In my current body of work I look at the idea of excess, when images of excess become meaningless and fall into the realm of pattern. This idea of gluttony is reflected in our current culture. We are a hedonistic society, always looking for more until the more we are looking for loses its meaning.

My studio practice has consistently been painting, often extending into the realm of installation. Research, reading and exploration are vital to my process, consistently driving my work forward. I continuously seek and study epic narratives, creating my own for each work. I am fascinated with crowds of beings converging in one space at one time. This includes religious practices, festivals, political gatherings, orgies, feeding frenzies, stampedes, riots, migrations, etc. The pattern and beauty that emerges from these chaotic scenes pulls me into the studio to recreate that same energy.

Recently I have been drawn to images of battles and duels; I am interested in what drives us to violence and destruction of life. My dismay paired with the attraction I feel for the conflict that I see around me leads me towards research into how violence in the animal kingdom mirrors our own, and particularly where it overlaps with human behavior. Violence is most often a problem of gender and I work to understand why. This drives me to look at what is nature and what is nurture, always searching for answers, and puzzling through the beauty I find at that intersection

SPOTLIGHT ON THE ARTIST

  • Some of these paintings are inspired by time I spent living with a partner on the Kitsap Peninsula, specifically through the height of the pandemic.
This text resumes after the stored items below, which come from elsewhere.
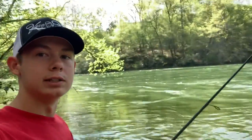Hey guys, what's up? I'm Isaac and I suck at fishing. Today I am doing some trout fishing in the Chattahoochee River.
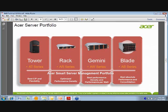Here's just a glimpse of our server portfolio. The AT110 fits in the tower space, obviously, for our left-hand side, and we have RAC and our Gemini, which is our multi-node and our Blade.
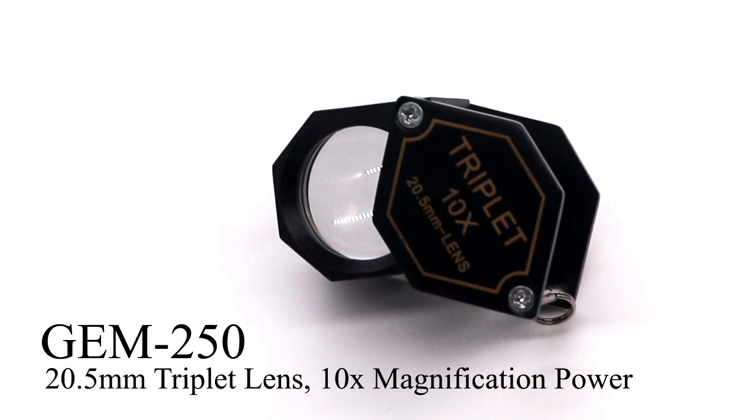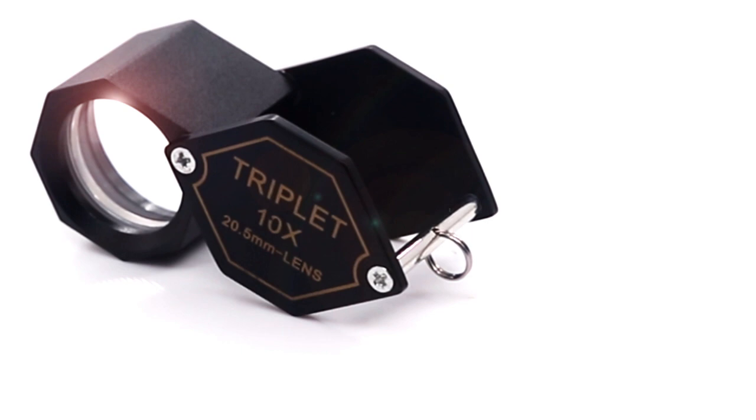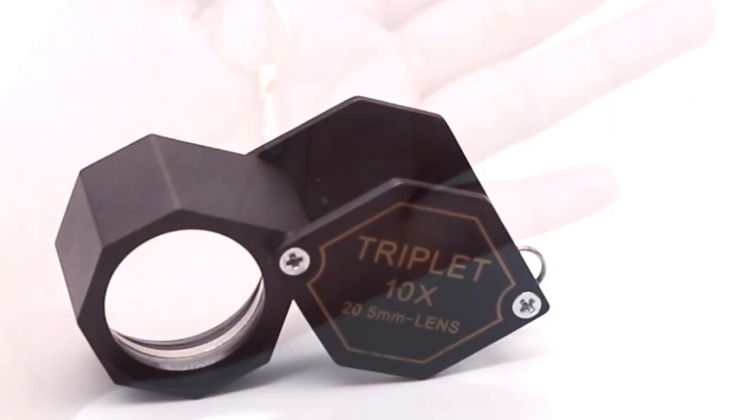The Gem250 is a 20.5mm triplet lens with 10x magnification power. This fold-away gem loupe has an achromatic optic glass lens that can easily bring fine micro detail into view and inspect large areas with no color distortion. It's made of metal aluminum and has a black frame to avoid light reflection towards the object being viewed.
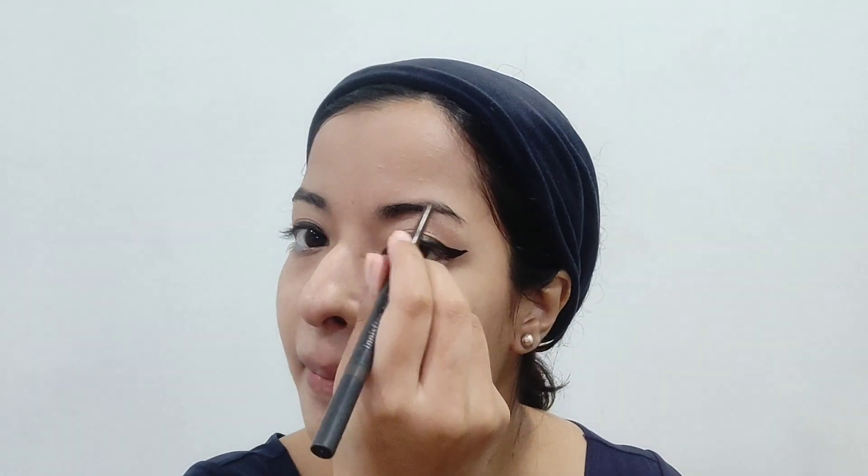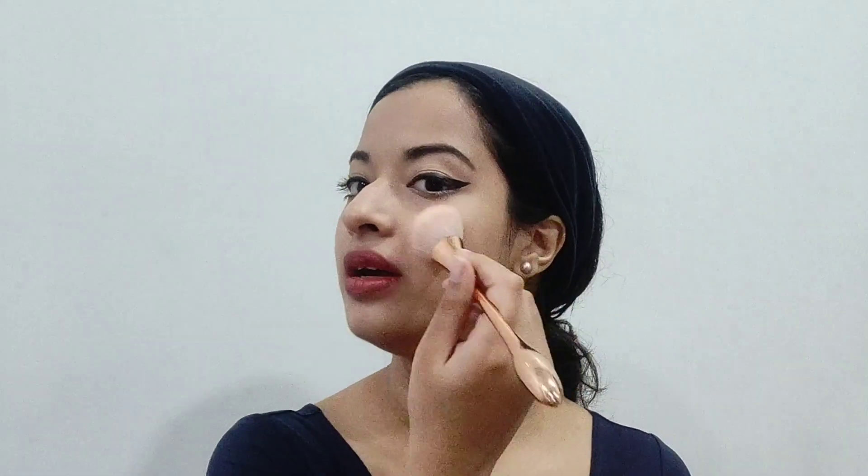Now for the finishing touches, I am going to be applying lipstick, blush, and highlight — all of this shouldn't take more than five minutes. For blush I'll be applying that on my cheeks, then some highlight, and then on the center of my nose. I have to blend that out — okay, I'm almost ready.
He had a large group of peafowl, also known as a muster, an ostentation or a pride, living on his property. What had started as a peacock and peahen pair who had wandered from their original home on Bainbridge Island and found their way to Kingston, expanded into a family of ten or so who had set up shop on his 2.5 acres. They are particularly territorial birds, very noisy and aggressive, with a disturbingly human screech and they drove us mildly crazy during lockdown. I would wake every morning to a peacock at each of the glass doors, standing on the deck and porches, glaring indignantly at their own reflections, opening their massive plumage and shaking their feathers. These daily rituals and their loud calls became the soundtrack for our time together in the pandemic. Literature and music also provide enormous influence on me while I am painting, so at that time I also read Flannery O’Connor’s essay Living with a Peacock written in 1961. This insight into her life and personal passion for peacocks provided a thoughtful contrast to my surreal experience. That initial inspiration led me to find all kinds of creatures who mimic or are named after peacocks: peacock moths, peacock butterflies, peacock pheasants, etc. I am fascinated by the ways that animals deter predators through disguise, sometimes with large designs that imitate eyes.

  • Titles are absolutely critical to me. They open up possibilities for the viewer and help guide conversations about the work. Also, I spend so much time alone in the studio that I have to find ways to amuse myself, so titles are often very personal, inside jokes. One in particular is Nocturnal Emissions. As a Midwesterner living in Seattle, I am most nostalgic for fireflies. Due to light pollution and climate change, firefly population has dropped drastically, so I am also documenting a phenomenon that I may outlive. I love the way that their butts make little gestural paintings in the air. As I begin a painting, I often write about specific painters who inspire what I am working on, studying their compositions and colors, sometimes reading their writing. Some notes from my sketchbook include 2 quotes: 

    “The only obligation of a painting is to be a feast for the eyes.” - Eugène Delacroix 

    “The only obligation of a painting is to be a Swiss Army knife.” - Cecily Brown 

    These two quotes help me as I begin planning a composition, along with something Degas is credited as saying, that “paintings are not states of mind, but state of eye”. To me, paint is a metaphor for physical pleasure: very bodily, very squishy - the oiliness feels like something internal, expressed externally. As I mix colors, I often think of chromophobia - that the Western world fears color because it might mean we are out of control. I knew that the contrast and saturation of these particular birds would be a platform to push those concepts, that it would be combative - passion vs reason, chaos vs control. I want the degree of chromatic intensity of the paint itself to be an imitation of the absurd saturation of nature, recognizing how life imitates art, and that art can imitate art, all the while art imitates life.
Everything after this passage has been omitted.